On Playing Book Jenga and Sorting Shelves

This week I spent a bit of time having a mini book sort and clear out. By mini, I mean we only did one set of shelves, but it’s a start. To say my house is full of books is an understatement of epic proportions. My house is BURSTING with books. Fiction, antiquarian, cooking, DIY, trains, meditation, everything is covered. The only person I’ve ever seen have more books than my family was one of my professors at university, who had a hallway and office full of bookshelves and plastic carrier boxes with even more books, so you had to shimmy sideways to his rooms down what was originally a fairly wide corridor.

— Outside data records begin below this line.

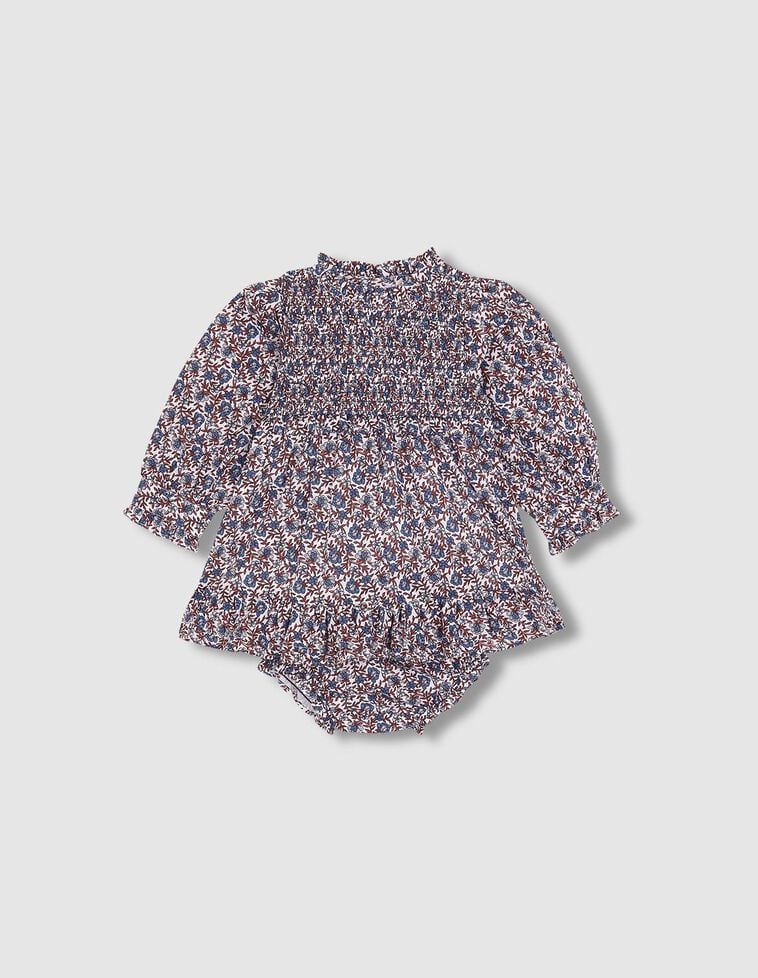 Vestido manga larga estampado blanco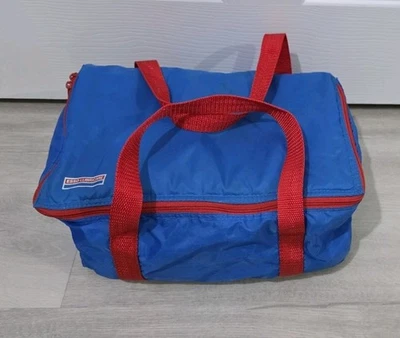 VINTAGE ESSO LUBRICARE COOL BAG - BLUE / RED - ADVERTISING - COOLER LUNCH CARRY - Image 1 of 4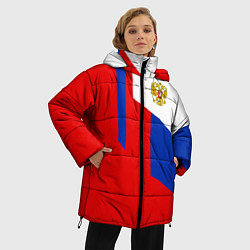 Куртка зимняя женская Russia: Geometry Tricolor, цвет: 3D-красный — фото 2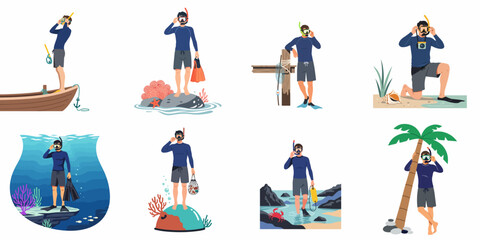Flat vector illustration collection of a man snorkeling in various beach, boat, and underwater settings during a tropical vacation. © Maya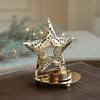 1pcChristmas Tree Candle Holder Gold Iron Snowflake Elk Candle Stand Ornament Christmas Decoration Vintage Tray Decorative Suppl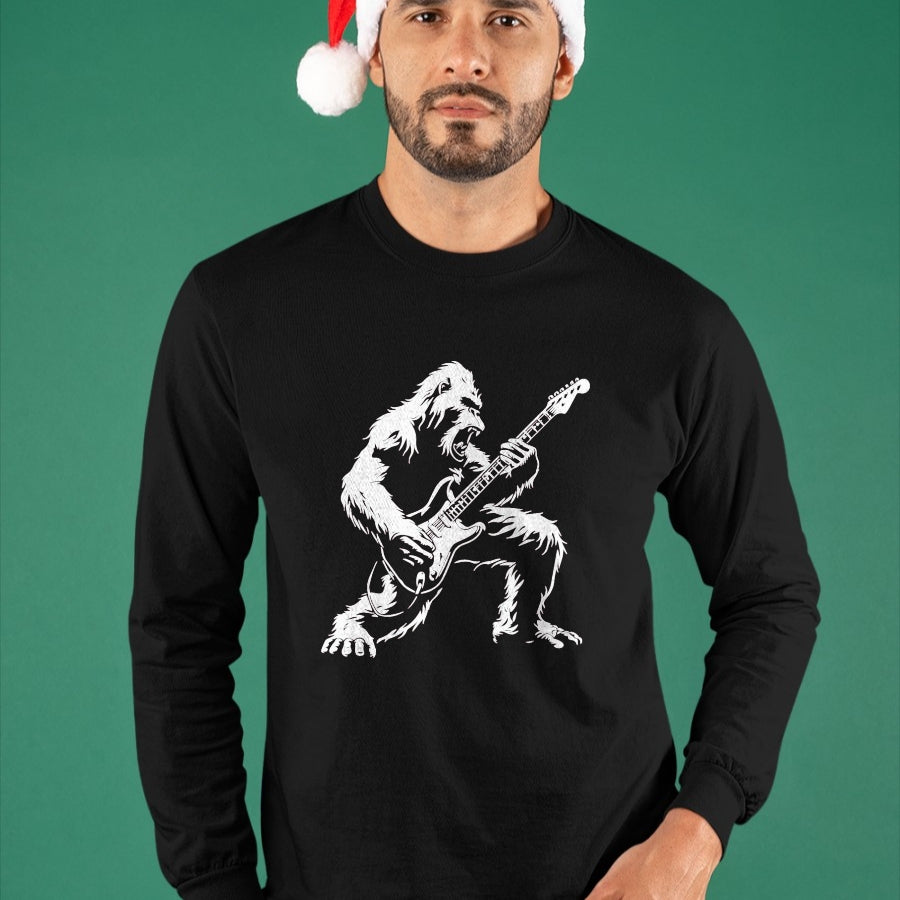 Guitar Lover Shirt, Funny Guitar UnisexT-Shirt/Hoodie/Sweatshirt HLT00 - Bigfoot Playing Guitar Rock Music Band Sasquatch T-Shirt, Men, Black, 3X-Large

This is great, but does present its own practical problems. Space, for instance, is at a premium, and things only get worse after every Christmas. There are only so many walls we can take up for building shelves, and there are only so many times you can go through and have a clear-out. I’ve whittled down my fiction books several times, but they still occupy a couple of walls and I don’t think there are any more I want to chuck. When I was at university, it wasn’t so much of a problem because I’d take a couple of boxes down south with me. The only trouble would be in the summer holidays when I returned home and had to find space for the boxes’ contents, or spend a couple of months tripping over them on my bedroom floor. Similarly, it’s practically a tradition now that there will be a pile of Christmas books in front of my desk until at least March, when I finally get sick of knocking them over. The pile is currently about the height of my one-year-old Goddaughter, who is tall for her age.

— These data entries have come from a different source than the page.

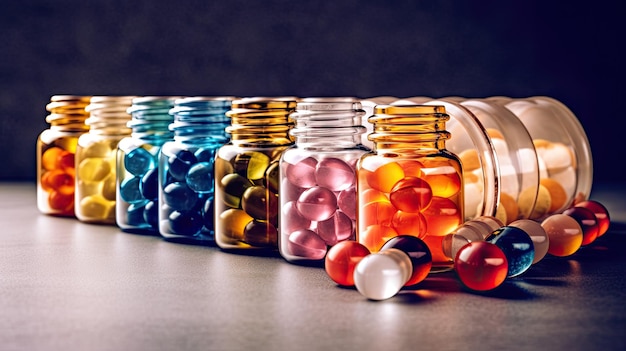 Patient et pilules ou médicaments dans des blisters et des jarres Concept de médicament médicament pharmaceutique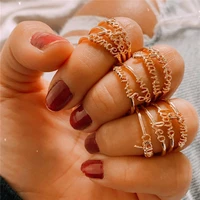 personality simple twelve constellations ring letter open adjustment index finger single ring female jewelry
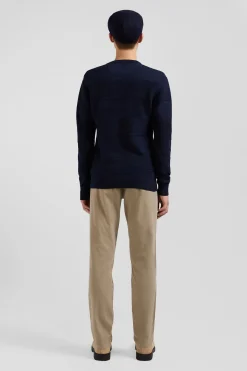 Regular beige chino trousers in stretch cotton gabardine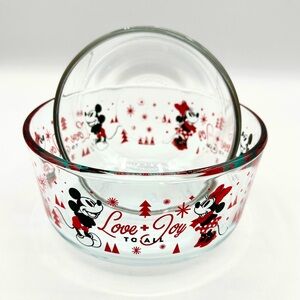 2 Pyrex Bowls, 1 Disney and 1 Clear; #7200 & #7201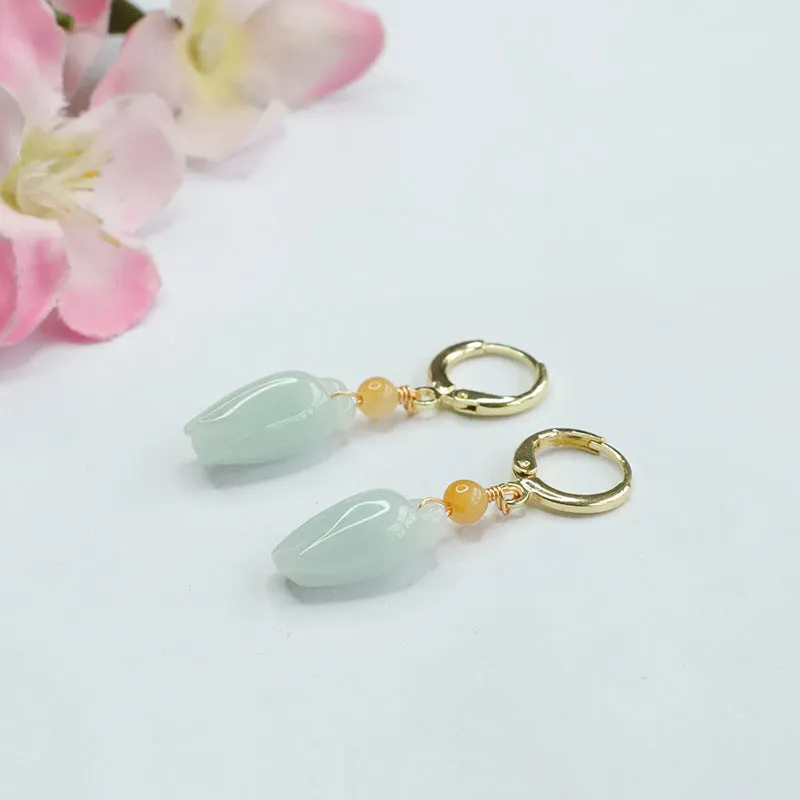 Golden Sterling Silver Hoop Earrings with Natural Burmese Jade Bud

So we’re full of books. Every room in the house has a few shelves, including the split bathroom/toilet.

It's helpful to know what you want to read in advance.

It’s helpful to know what you want to read in advance.

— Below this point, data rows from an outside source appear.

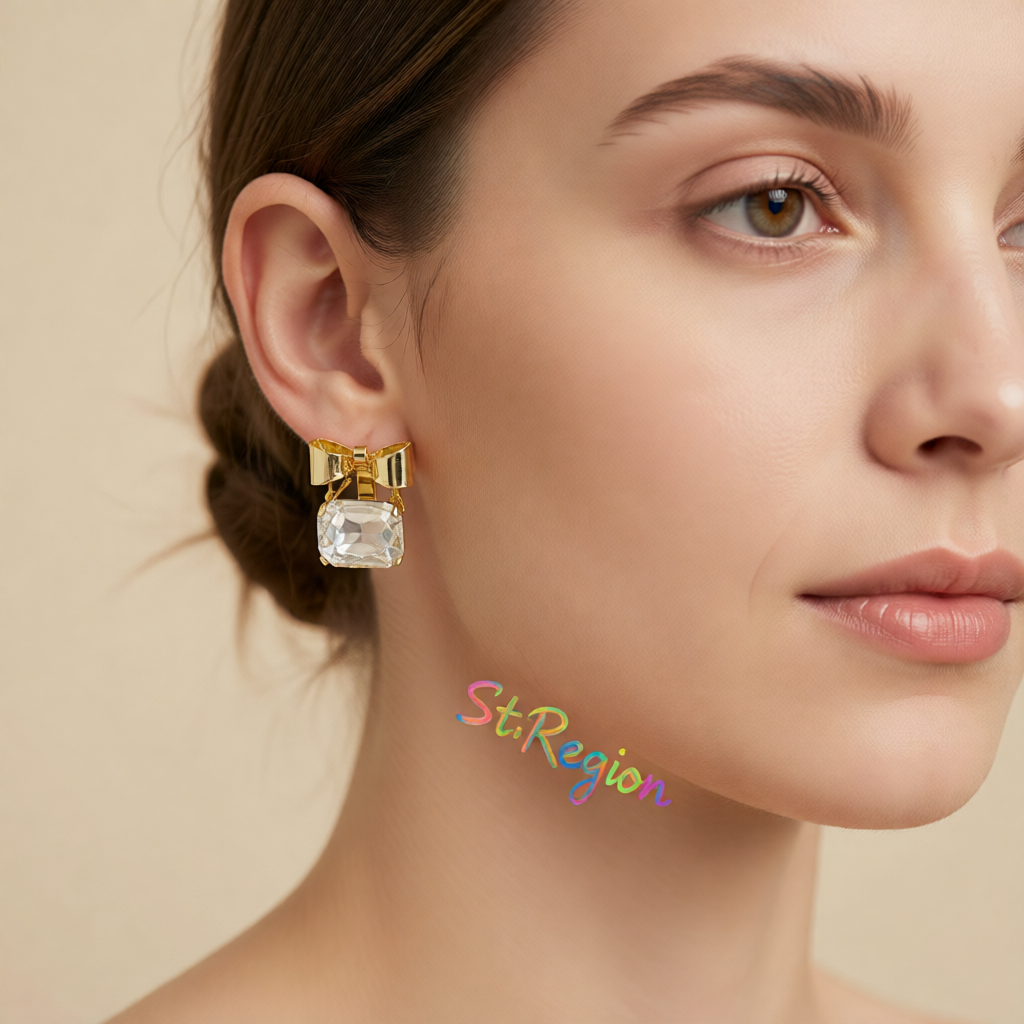 Crystal & 18K Gold-Plated Bow Square Stud Earrings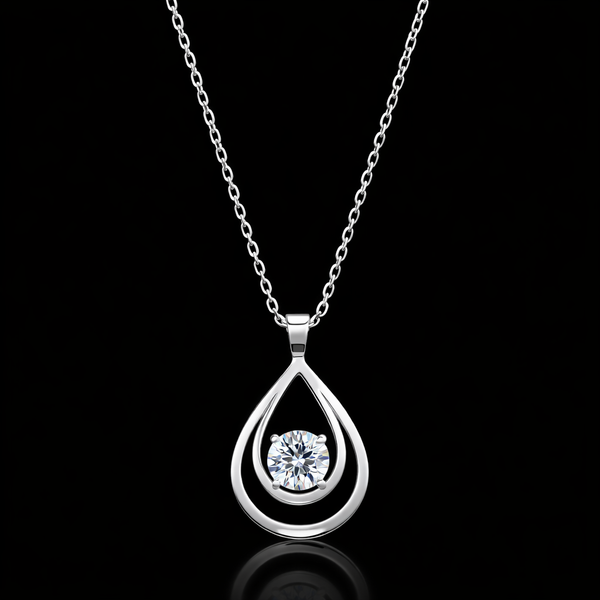 Elegant Teardrop Diamond Pendant in White Gold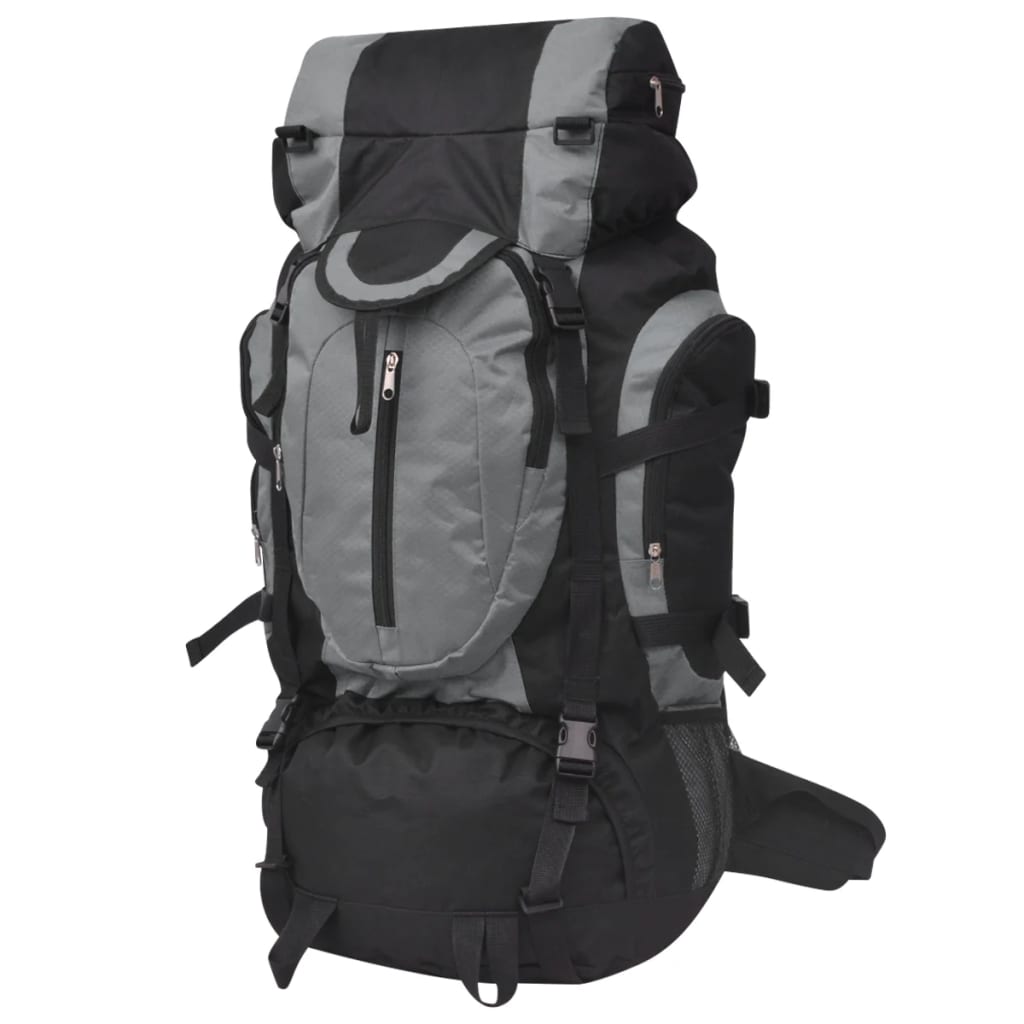 vidaXL Hiking Backpack XXL 75 L Black and Grey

Another trouble all these books present is their accumulation of dust. Especially with the more inaccessible shelves, we’re not regularly handling all our printed collection, taking them off the wall and giving them a good dust. So one day this week Dad and I decided to take on the built-in, ceiling-height shelves in the living room as a bit of a spring clean.

Some of these books are proper old and a bit fragile. And when they’re super-dusty you can’t just jiggle them with a duster; that only gets the thick off, and you could trap dust in the spine and damage it. Here are my tips for cleaning old books:

  1. Tie your hair up and grab a bandana. Yes, you’re going to be sneezing from the dust, but if you cover your hair then you won’t trap any more dust up there for later sneezing.
  2. Music. Brushing books can be a bit repetitive so you need something that you like and can keep your energy up. On this occasion, we used Queen’s Sheer Heart Attack on LP because Dad’s old music collection is in the same set of shelves and needed a sort too.
If I don't blow-dry my hair, I look a bit like Brian May. (Pic from wikipedia)

If I don’t blow-dry my hair, I look a bit like Brian May. (Pic from wikipedia)

  1. Brush – use either a soft bristled brush or an old toothbrush. Turn the book 90 degrees so that the open pages hang downwards, and gently, but firmly, brush from spine to end of the book. Pull any dustjackets down slightly so no dust or grit gets trapped between board and paper.
  2. A hoover with muslin fixed over the end can also be used to suck up muck without damaging book pages.
  3. Don’t forget to clean the shelf too. Any stubborn dirt can be shifted with a damp cloth. Similarly, any foist marks on book covers can be removed with a slightly damp cloth.

We made pretty good progress, and soon had cleaned and replaced all the books. We even managed to free up some space by passing on a few we didn’t want, and shifting a whole shelf of video tapes to a different room. That’s when I got a bit excited about this:


The 1997 video release of the original Star Wars trilogy. I was excited for all of two days, thinking these were the original films, unadulterated by George Lucas’s later editing, but a bit of internet research showed me I was wrong. These were the tapes where he started changing small, but important, things. (#HanShotFirst) Still, I’ve very fond memories of watching these tapes when I was small with my Dad, so I’m not getting rid of them.

Once we’d done the bookshelves, we moved on to the lower shelves where the LPs are. It’s a pretty solid collection of 1970s rock and folk classics, although there is some rubbish I couldn’t convince the parents to part with. Above this, however, hiding behind more books, lurked the cassette tapes. We knew there were a few stored there, but I honestly think they’ve been breeding, because there’s hundreds of the buggers! We weeded out a few, but quite a lot are of family archive importance, such as recordings of my grandfather on the radio, or me burbling nonsense at 10 months old, so until we can find a way to shift them into MP3 format we’ve got to keep them. At least they fit snugly into shoeboxes that can be stashed away.

All in all, we did a good day’s work and made a fair bit of progress on the tidying/spring cleaning front. Now just to go through all the other bookshelves in the house. Shouldn’t take long. (Cue maniacal laughing.)